Sometimes as parents we can pinpoint a situation, an issue that may cause our children to change their outlook on life. For my oldest daughter, she had a couple of bully incidents which made her strengthen her confidence and learn to “be quiet and watch” and not assume that everyone is going to be friendly to you. My oldest son is just overall cautious, insightful and not easily influenced and I don’t expect him to change much. But with Kiserian? I just don’t know what happen. It’s like a full moon or his under arm odor (he doesn’t like baths or showers because they take too long and he doesn’t do a good job (since I often have to send him back because he left soap somewhere), so why bother?) has caused his personality to shift. He speaks up about what he doesn’t want, what he doesn’t like; he talks back to me and questions the decisions that I make; he is defiant and doesn’t want to listen to his siblings for help, for guidance, for anything. I just don’t know what to do other than yell, punish him, tell him that this is out of character and I want him to really think about his actions. He’s crying all of the time, throwing tantrums like he’s 3 year olds. Somebody, anybody, help a mama out, please!

Of course, I consulted DH, wondering if I should get him some counseling or something (hey, I am so pro-therapy for any and all…matter of fact, we need to include therapy in our universal health care plan) and DH, as always, thinks I’m overreacting. “He’s just getting older. He’s growing up, finding his way. Leave him alone and let him grow. ” So, what I heard was, “You got the problem, not him. Stop trying to hold on to his current characteristics. He’s only 7. We still don’t know who he really is. Let him find out and we just love him through it.” WHAT? I can’t take change…household dynamics are already in flux with a sorta grumpy teenager (she’s changing, you know), a bossy/tricky 4 year old girl (she’ll be 5 on Friday…I’ll tell you about her celebration then), a 9 year old who is reading everything he can get his hands on , but needs to develop some personal interaction skills and use his big brother status for good and not evil…did I mention a toddler who is throwing everything that’s not stuck to the ground?

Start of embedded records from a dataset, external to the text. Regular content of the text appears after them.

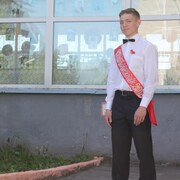Николай Рыбаков, 22, Климовск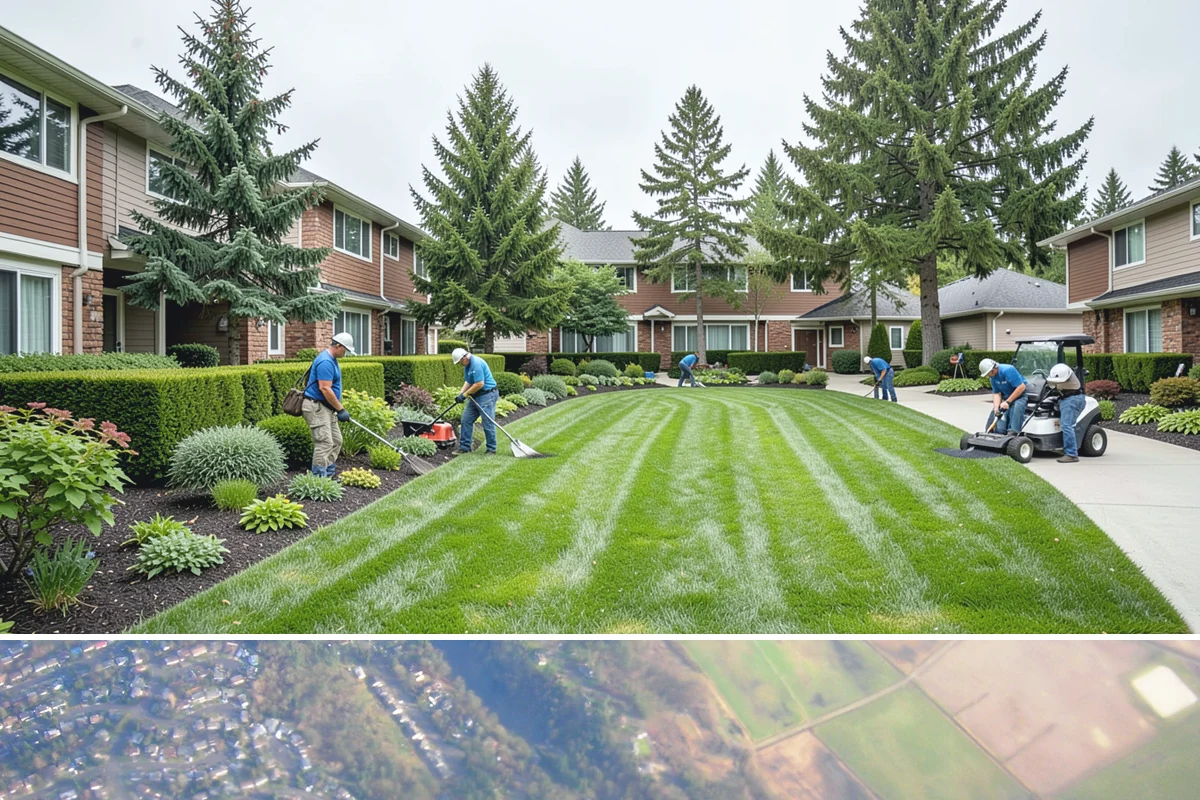 Retaining Wall Installation in Algona, King County, WA - Best built spring through fall.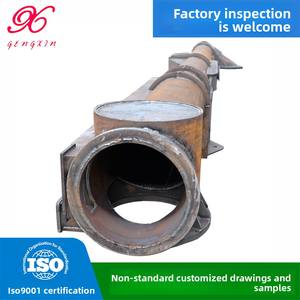 Componentes Estructurales, Marcos y Soportes Fabricados a Medida con Proceso de Soldadura |   Servicios de Procesamiento y Subcontratación - Product Image 4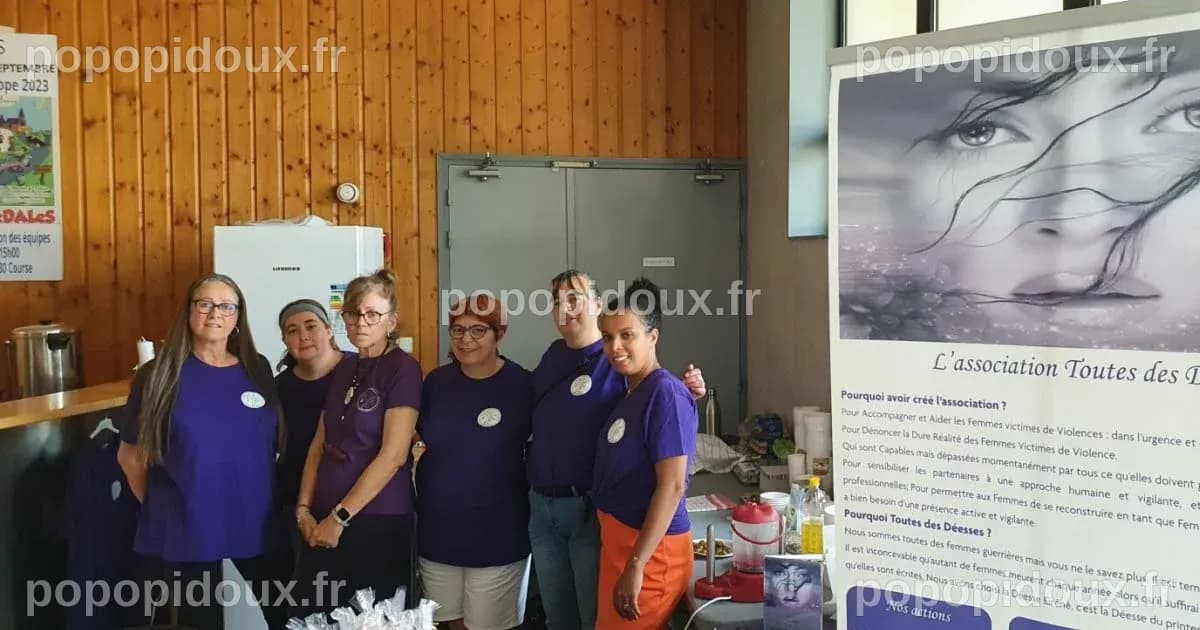 Ornans. Pour aider les femmes, les « déesses » se mobilisent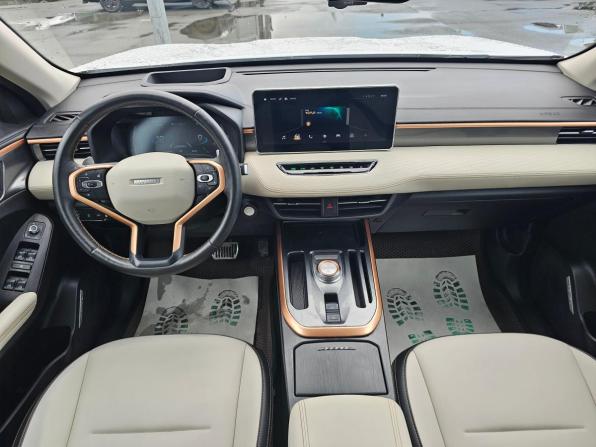 Haval Jolion I с пробегом 2021 года, цена 1 699 995 рублей, 34230 км, внедорожник, Автокод Объявления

I need stability. Lil Man was my stability. I could always count on him to bring in the love, bring in the peace. I’m praying that this phase doesn’t last long and that I can go back to something that I know…but chances of that are happening…next to impossible.

Are you experiencing some growing pains in your house? Have aliens invaded the bodies of your sweet, innocent ones and turned them into…children? How did you handle it? Did you go off the deep end like me or are hiding in a corner scared to face it? Share your story because sistah needs some help.